The first option I was experimenting with is the one I learned from the bboard example app, which is declaring a witness for the user to provide a secret/password and then have the posts to be owned by the hashed secret/password. Thus I was doing something like the following to have NFTs owners hidden:
export ledger assets: Map<Uint<128>, Bytes<32>>;
witness localSecretKey(): Bytes<32>;
export circuit mint(assetId: Uint<128>): [] {
assert(!assets.member(disclose(assetId)), "Asset ID already exists");
const owner = disclose(generateOwnerId(localSecretKey(), assetId));
assets.insert(disclose(assetId), owner);
}
export circuit generateOwnerId(sk: Bytes<32>, assetId: Uint<128>): Bytes<32> {
return persistentHash<Vector<3, Bytes<32>>>(
[pad(32, "owner:"), sk, assetId as Field as Bytes<32>]);
}
This obviously works fine, and you can have users to own assets and eventually transfer them as long as they provide the corresponding secret/password.
Then I thought that perhaps it would be better to have users to own their assets with the public-key from their wallet. In this way users don’t need to remember their secret/password, and assets are somehow owned by the wallet itself, just like with any other coin. Thus I came up with this other version of the owner ID and circuits:
export circuit mint(assetId: Uint<128>): [] {
assert(!assets.member(disclose(assetId)), "Asset ID already exists");
const owner = disclose(generateOwnerId(ownPublicKey(), assetId));
assets.insert(disclose(assetId), owner);
}
export circuit generateOwnerId(pk: ZswapCoinPublicKey, assetId: Uint<128>): Bytes<32> {
return persistentHash<Vector<3, Bytes<32>>>(
[pad(32, "owner:"), pk.bytes, assetId as Field as Bytes<32>]);
}
When I gave this a try, I faced another challenge, which I eventually figured out: how to properly obtain the public-key on the client side, to generate the owner ID, to then inspect the ledger if I wanted to list the assets currently owned:
import { MidnightBech32m } from '@midnight-ntwrk/wallet-sdk-address-format';
import { encodeCoinPublicKey } from '@midnight-ntwrk/compact-runtime';
const cpk = providers.walletProvider.coinPublicKey;
const bech32m = MidnightBech32m.parse(cpk);
const hexPk = bech32m.data.toString('hex');
const pk = encodeCoinPublicKey(hexPk);
for (const [assetId, ownerId] of ledgerState.assets) {
const owner = pureCircuits.generateOwnerId({ bytes: pk }, assetId);
if (toHex(owner) == toHex(ownerId)) {
// This asset was minted by me
}
}
I believe this is better, and I’m still wondering if it’s effectively good enough, could anybody transfer somebody else’s asset by simply knowing the public-key …?

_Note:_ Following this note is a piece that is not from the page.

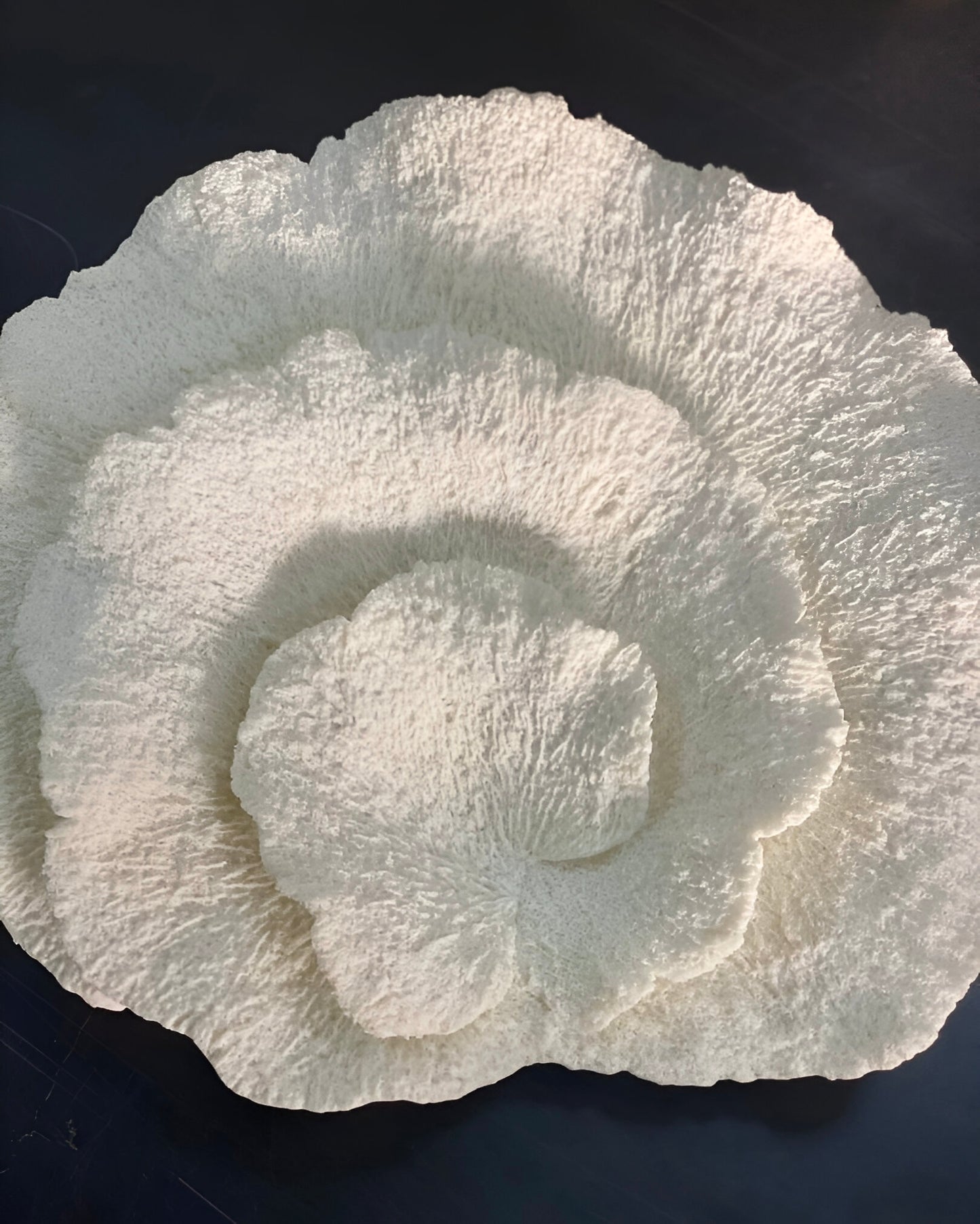 Applique murale Fleur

My assumption, and what I’m trying to confirm here, is that such an attack is not possible since the circuits make use of ownPublicKey() and this already implies that some signature verification has been performed when executing the contract/circuit call…? is this correct ?
Some alternatives I was thinking of, is to try to use a signature generated from the user’s wallet/PK, or use the wallet encryption key, or perhaps use one of the wallet’s secret-keys directly, to generate the owner ID so others cannot claim/transfer somebody else’s assets. I still don’t know how to do any of this using current JS API.
I’ll appreciate any ideas you may have, including any issues you see with all this and with my current understanding.